Charlotte Eisler's life encompassed extraordinary musical, intellectual, and political transformations. From her early promise as a young musician in the Habsburg Empire through her involvement in the underground Communist movement, her years of exile in Moscow and England, and her difficult return to post-war Vienna, she maintained her commitment to music and her political ideals despite personal cost. Her story illustrates both the achievements possible for a determined artist and the price paid by those whose political convictions put them at odds with the established order of their time.

Sources

Hannes Heher, Weit über’s Ziel geschossen - Charlotte Eisler: Sängerin, Pianistin, Musikologin, Kommunistin. In: Communications of the Alfred Klahr Society . No. 3 , 2020 ( online PDF; accessed June 2025]).

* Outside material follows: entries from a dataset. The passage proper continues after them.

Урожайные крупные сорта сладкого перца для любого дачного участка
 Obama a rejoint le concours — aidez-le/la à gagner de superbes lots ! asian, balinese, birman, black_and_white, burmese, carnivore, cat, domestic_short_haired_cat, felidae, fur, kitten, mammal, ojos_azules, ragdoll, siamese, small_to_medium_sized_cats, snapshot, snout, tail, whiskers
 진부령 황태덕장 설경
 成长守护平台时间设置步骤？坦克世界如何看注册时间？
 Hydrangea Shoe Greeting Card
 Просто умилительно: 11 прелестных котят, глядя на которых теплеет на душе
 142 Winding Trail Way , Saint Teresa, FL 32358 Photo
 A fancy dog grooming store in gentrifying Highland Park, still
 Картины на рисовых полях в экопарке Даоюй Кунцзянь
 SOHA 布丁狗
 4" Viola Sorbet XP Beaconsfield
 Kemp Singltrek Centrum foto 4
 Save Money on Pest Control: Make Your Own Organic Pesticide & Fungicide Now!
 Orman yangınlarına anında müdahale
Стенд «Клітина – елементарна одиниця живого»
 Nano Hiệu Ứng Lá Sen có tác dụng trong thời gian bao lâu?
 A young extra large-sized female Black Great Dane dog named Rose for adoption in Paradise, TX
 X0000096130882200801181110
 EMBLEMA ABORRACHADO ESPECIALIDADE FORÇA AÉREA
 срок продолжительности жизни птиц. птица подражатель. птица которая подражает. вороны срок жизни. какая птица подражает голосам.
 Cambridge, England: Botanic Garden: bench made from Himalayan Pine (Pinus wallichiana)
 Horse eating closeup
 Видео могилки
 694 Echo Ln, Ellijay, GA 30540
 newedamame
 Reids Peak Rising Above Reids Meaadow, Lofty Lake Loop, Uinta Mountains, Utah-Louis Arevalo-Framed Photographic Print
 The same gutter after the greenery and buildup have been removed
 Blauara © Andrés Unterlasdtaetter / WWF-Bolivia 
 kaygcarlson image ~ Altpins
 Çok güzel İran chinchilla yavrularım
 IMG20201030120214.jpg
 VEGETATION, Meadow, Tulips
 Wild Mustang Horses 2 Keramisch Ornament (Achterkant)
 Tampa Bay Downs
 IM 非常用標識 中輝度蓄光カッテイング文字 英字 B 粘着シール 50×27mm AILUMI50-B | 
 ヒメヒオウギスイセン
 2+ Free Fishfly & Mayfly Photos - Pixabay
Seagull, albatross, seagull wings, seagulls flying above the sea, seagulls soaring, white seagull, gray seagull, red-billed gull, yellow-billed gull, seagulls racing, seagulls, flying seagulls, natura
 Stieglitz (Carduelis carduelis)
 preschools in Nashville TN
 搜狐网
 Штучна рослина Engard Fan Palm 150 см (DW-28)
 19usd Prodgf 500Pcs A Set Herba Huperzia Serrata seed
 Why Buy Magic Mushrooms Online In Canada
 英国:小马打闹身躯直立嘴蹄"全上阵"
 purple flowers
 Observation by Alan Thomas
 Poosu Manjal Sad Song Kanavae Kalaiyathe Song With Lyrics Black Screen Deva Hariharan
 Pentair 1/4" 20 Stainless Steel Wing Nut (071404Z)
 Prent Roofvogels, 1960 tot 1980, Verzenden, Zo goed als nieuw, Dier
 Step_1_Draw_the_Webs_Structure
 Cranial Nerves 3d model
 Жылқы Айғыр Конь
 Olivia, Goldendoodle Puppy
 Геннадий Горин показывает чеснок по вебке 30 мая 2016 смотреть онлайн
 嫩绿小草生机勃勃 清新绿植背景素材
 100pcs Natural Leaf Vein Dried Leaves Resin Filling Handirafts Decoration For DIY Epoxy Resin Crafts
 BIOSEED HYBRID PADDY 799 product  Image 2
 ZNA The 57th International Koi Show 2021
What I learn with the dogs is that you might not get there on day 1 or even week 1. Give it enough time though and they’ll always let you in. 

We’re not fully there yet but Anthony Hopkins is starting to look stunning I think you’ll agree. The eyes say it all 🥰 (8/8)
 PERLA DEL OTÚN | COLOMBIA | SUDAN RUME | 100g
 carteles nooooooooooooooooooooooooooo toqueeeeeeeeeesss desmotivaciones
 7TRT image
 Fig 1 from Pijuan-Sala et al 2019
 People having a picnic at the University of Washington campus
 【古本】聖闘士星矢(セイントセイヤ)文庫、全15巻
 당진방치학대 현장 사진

Michael Haas, The Kaleidoscopic Contradictions of Hanns Eisler 1898-1962, Forbidden Music blog

Betz, Albrecht. Hanns Eisler, Political Musician. Translated by Bill Hopkins. Cambridge, UK: Cambridge University Press, 1982.

Blake, David, ed. Hanns Eisler: A Miscellany. NY: Har-wood Academic Publishers, 1995.

Brockhaus, Heinz Alfred. Hanns Eisler. Leipzig: VEB Breitkopf & Härtel, 1961.

Pass, Walter, Gerhard Scheit, and Wilhelm Svoboda. Orpheus im Exil: Die Vertreibung der österreichischen Musik von 1938 bis 1945. Vienna: Verlag für Gesellschaftskritik, 1995.